Jonan Scheffler: I know that it's safe that what you're doing. You, of course, have the capacity to connect your production database on Heroku. We give you infinite ability to shoot your own foot off, but you can do things in a safe way. I just I like very much the way that the follower infrastructure is set up because I can know that I'm not going to damage things.
Brendon Murphy: Absolutely, and then I think there's another feature that when we learned about it, it ties in with old folk follower, but Heroku has point in time restored which I think were there for quite a long time before we ... We had this half hour call with the data team and we asked the question at one point and we said, "Did you know you can restore to a point in time?" Which has been a huge lifesaver for us.
Jonan Scheffler: Awesome.
Brendon Murphy: I'm sure we could build that ourselves or hire ops people to build that, but the fact that it was there when we needed it and it was easy to use and that you guys even thought to build it was ... Let's put it this way, it really saved our bacon very well on quite a few occasions.
Jonan Scheffler: The time when you need point in time recovery for databases, you're certainly glad it's there. I feel the same way about the releases, the rollback.
Brendon Murphy: Yeah.
Jonan Scheffler: My first deploys, I started writing software maybe eight years ago, so it was early on. But I remember distinctly staring at a New Relic graph, while I pushed the deploy button and being like, "Please work, please work." Because if you didn't get to unroll that deploy, it took us a minute. If we deployed something bad to production, it took us a long time to fix it and we had real downtime, and now I have this instant go back Undo button that saved me so many times. When I've done something silly, I was up too late coding and shouldn't have been working on the app anyway. I really appreciate those features that protect me from myself.
Brendon Murphy: Absolutely, and some of the listeners might be wondering at an application layer some of the other areas that's useful. Where it's been really useful for us is if we had to do some maintenance cleanup maybe because of a bug, and we made a mistake. Probably one of the mistakes we made before this is a couple years ago as we were going to clean out some spam form submissions for a customer and we just we dropped the ball that day and over cleaned. Fortunately, it wasn't a really deep impact on the customer but we had ... I think this was about one month or maybe three weeks after we first heard about this capability and we just looked at each other and said, "Oh, this is no problem. This modeling is not that complicated." We just found in our log where we issued that delete and then spun up a fourth database that was one second prior to when that delete started occurring.
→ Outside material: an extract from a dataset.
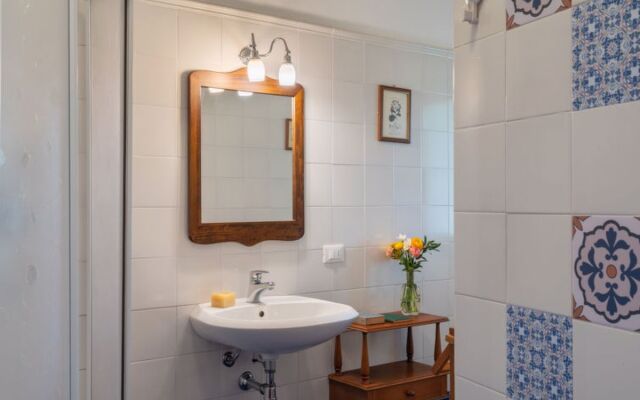 Noce+Ginestra+Villa (GRE184)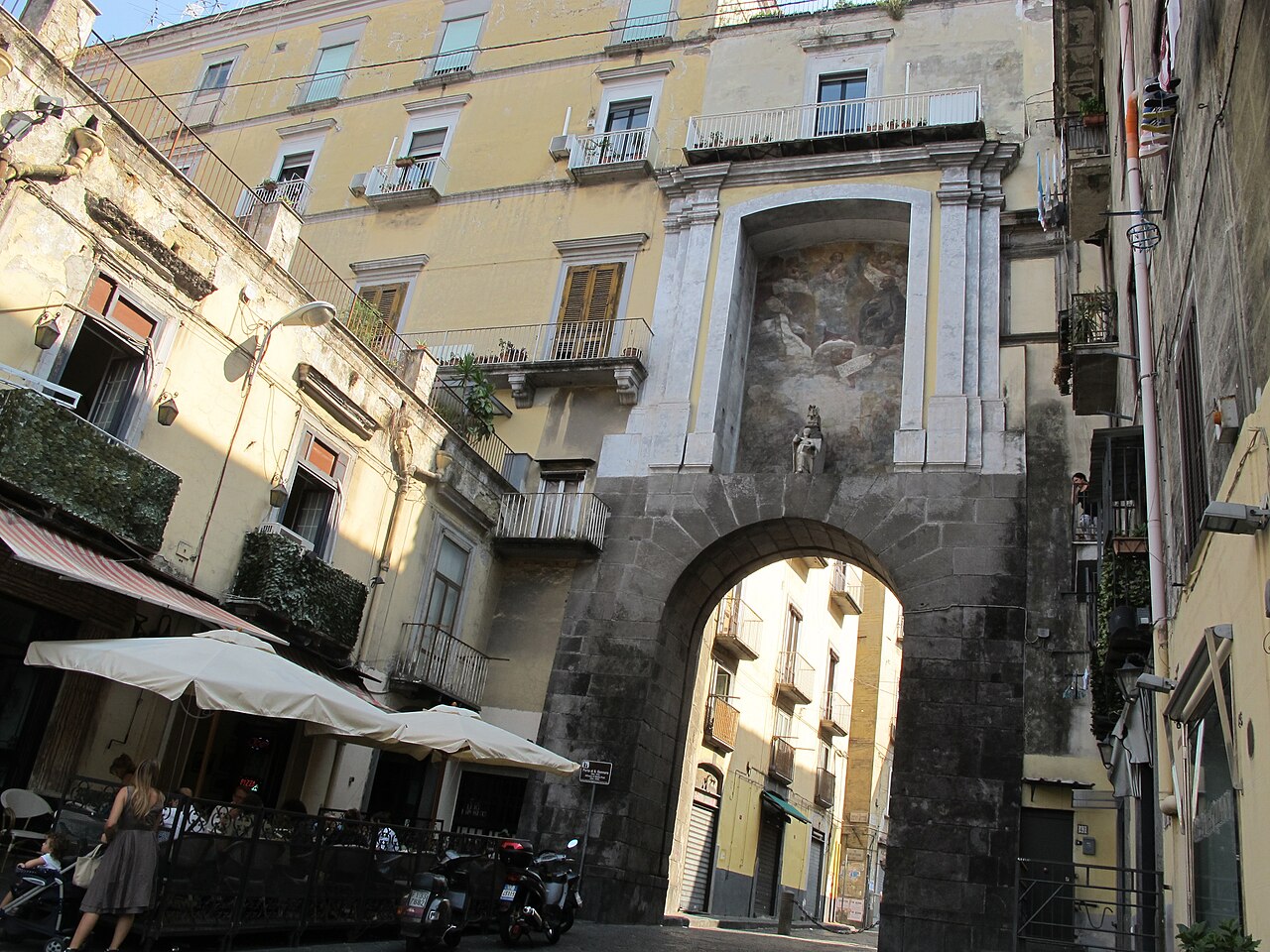 Cappella di Porta San Gennaro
Jonan Scheffler: Oh,, nice, you just dumped the data back out.
Brendon Murphy: Exactly, and to tie it all back together, if people probably think I sound like a Heroku out at this point, I loved how well this worked. I'm trying to get this back up, I found out about this problem when I came into work that morning, so my brain still foggy and everything. I'm thinking, "Okay, so now I've got this other one spun up, I need to reconnect an active record adapter to a secondary database." I was googling for a couple minutes, had to do that because that's not something you typically do on a Rails app, right?
Jonan Scheffler: Right, yeah.
Brendon Murphy: You forget how to do it and have to Google and remember. And then I realized like, "No, wait a second, I'm only going for about 200 Records here." Again, I went back to data clips, and I just I halted my Google search because I realized I can figure this out and it would probably be nice to know, but I'm not going to figure it out as fast as I want. I just made a data clip to go and generate me a CSV of the 200 rows or whatever we'd accidentally deleted for this customer. Then exported it as CSV, and when we did the fix up on the production application, it was easy because now we just had CSV which is very passible. We just ran the Ruby CSV parcel over it and had a lot of confidence that we're good to go.
Jonan Scheffler: Depending on the CSV, it is very passible. I have so many problems look like the Open Data Set CSVs and things. But that's awesome to sidestep this. I was trying to think of how to do that, I can't remember how to connect to this data, but I would definitely have just gone with the data clips thing had I found it.
Brendon Murphy: When in doubt, data clips.
Jonan Scheffler: You had these issues with the Postgres thing, we're learning experiences I think that were resolved quickly for the organization.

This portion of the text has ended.